(Supplied records Opens)

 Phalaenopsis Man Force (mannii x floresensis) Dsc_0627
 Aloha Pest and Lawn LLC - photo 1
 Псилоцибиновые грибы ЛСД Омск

(Supplied records Closes)
(Supplied records Opens)

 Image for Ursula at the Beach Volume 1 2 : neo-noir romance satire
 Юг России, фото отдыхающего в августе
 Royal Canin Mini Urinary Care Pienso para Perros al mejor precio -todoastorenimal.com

(Supplied records Closes)
(Supplied records Opens)

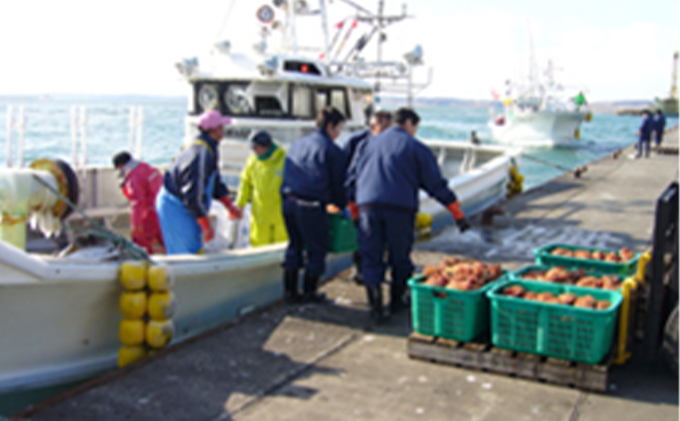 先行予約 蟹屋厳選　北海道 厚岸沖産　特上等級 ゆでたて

(Supplied records Closes)

Work task: The entries above hold the needed span. Transcribe exactly the lines from the one with "Image for Ursula" to the one with "Royal Canin Mini", both included.

Exercise answer:
 Image for Ursula at the Beach Volume 1 2 : neo-noir romance satire
 Юг России, фото отдыхающего в августе
 Royal Canin Mini Urinary Care Pienso para Perros al mejor precio -todoastorenimal.com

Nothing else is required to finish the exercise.